3. The body can have many useful roles in math learning. One of those roles is to act as a "disruption of scale," a phrase I found reading Jasmine Ma's dissertation. Scale disruption generally means that we take familiar math off the page (exploration of polygons or work on a number line, for example) and make it body-scale which has the great potential for helping students build new insights about the math idea in question. I have LOTS of ideas for these kinds of lessons, but I also think that changing the scale of any lesson, even if it's not at body-scale, can have a positive impact on learning.
Not surprisingly, all this thinking and reading and conversing has influenced what's going on at home.
It turns out encouraging new ways to explore space and changing scale can lead to very interesting and inspiring outcomes!
One day I noticed that my kid, never one for block play but with a penchant for map making and for exploring the world with her whole body, started playing with blocks. It was fun to hang out with her and interact within this new realm; I loved listening to her talk through her building -- definitely a new perspective for both of us!

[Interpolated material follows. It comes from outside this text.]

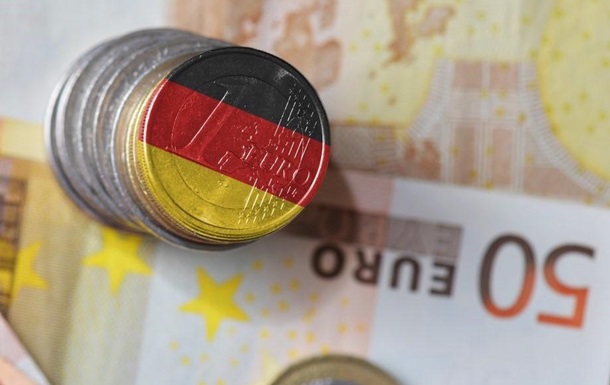Інфляція у Німеччині побила 50-річний рекорд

So I got more blocks. And encouraged a generous uncle to buy even more. The most amazing thing was to watch her building from a set of visual directions; amazing because she's not usually one to follow someone else's patterns, preferring to make her own, and also because I was so happy she was having a completely, brand new experience in this realm.
Then there was the day I was walking through a big box store and passed the isle with paper and drawing supplies. All of a sudden I noticed a BIG pad of paper, much larger than her normal canvas. I thought, "I wonder what she'd draw if I got her THAT?"
Well, wonder no more.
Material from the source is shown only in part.